Sunlight is central to life as we know it, but our relationship with artificial light is less clear cut. Artificial light expands what’s humanly possible while obscuring our view of the stars and harming wildlife. While many of us nurse a deep-rooted fear of the dark, bright light at night has become symbolic of toxic aspects of modernity – whether that’s ecological degradation, body clocks gone haywire, or discriminatory systems of control. In this long read, Lauren Collee pits light against night, and reveals the shady places in between.

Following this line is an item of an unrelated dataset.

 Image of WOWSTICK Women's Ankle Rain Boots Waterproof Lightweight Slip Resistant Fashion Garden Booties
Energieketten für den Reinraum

On the night of 30 March 2012, Dutch astronaut André Kuipers was aboard the International Space Station with his camera aimed down at the darkened face of the Earth. He looked over the sprawling webs of light that marked out major cities and waited.
One by one, synchronised according to time zone, cities began to turn themselves off. Named the World Wildlife Foundation’s “Earth Hour ambassador”, the astronaut’s role was to document the annual, voluntary blackout. As city lights blinked out, entire swathes of urban life seemed to disappear altogether. Kuipers live-tweeted the images along with his commentary.

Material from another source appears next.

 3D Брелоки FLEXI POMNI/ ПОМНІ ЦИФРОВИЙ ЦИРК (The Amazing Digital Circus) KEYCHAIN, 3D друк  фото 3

Earth Hour had begun in 2007 in Sydney – the city in which I grew up – as a 60-minute, global protest against carbon dependence. It was largely directed at the then Prime Minister, John Howard, and a culture of climate-change denial that was rampant in the Australian parliament.
Two years earlier I had marched around Sydney’s central business district with my parents, who wielded me like a placard at the Walk Against Warming. I was excited to have my picture in the local paper: I still treasure the clipping, in which my best friend and I are 11 years old and beaming, holding up a sign that says, “Howard is a Fossil Fool”. Beyond that, I didn’t really care about whatever was happening in the atmosphere.

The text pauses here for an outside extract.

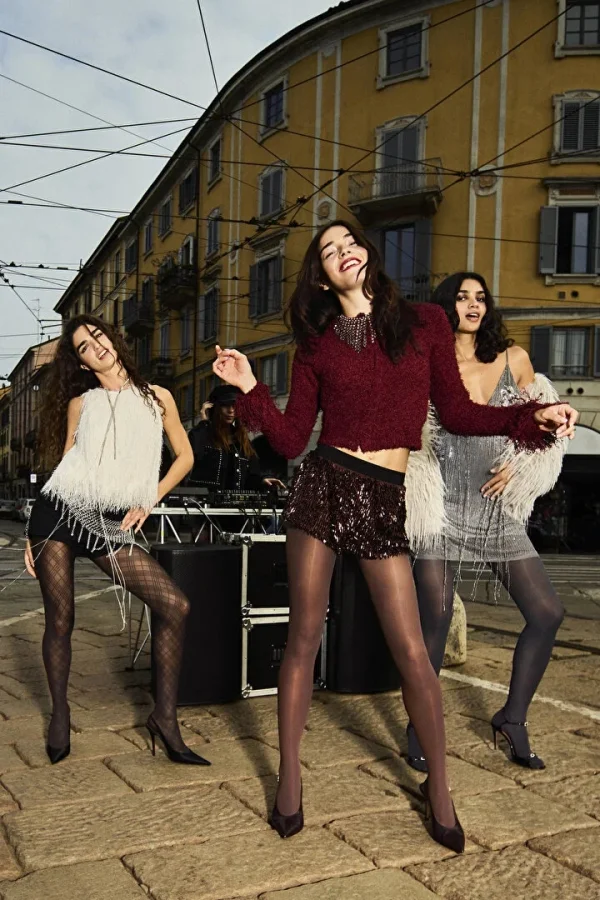 Penti Kadın Checked Desenli Külotlu Çorap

Earth Hour was a symbolic gesture and not meant to be interpreted literally: nobody was advocating for all lights to be turned off for good. But for me, now aged 13, the connection seemed quite direct. Wherever there was light there was power, and wherever there was power there was carbon dioxide.
I imagined light seeping out of my house... I pictured it settling into a bright, noxious fog.
This simple idea made the complexity of climate change easy to grasp: suddenly, carbon emissions were something I could see with my very own eyes. I imagined light seeping out of my house and up into the atmosphere. I pictured it settling into a bright, noxious fog.
While my understanding of the greenhouse effect left a lot to be desired, it turns out that I wasn’t exactly wrong about the bright, noxious fog. Research has confirmed that artificial light at night – known in the literature as ‘ALAN’ – has detrimental impacts on invertebrates and other creatures, including sea turtles and birds. Excessive exposure is also thought to have a plethora of adverse effects on human bodies and minds, from mood disorders to higher rates of some types of cancer.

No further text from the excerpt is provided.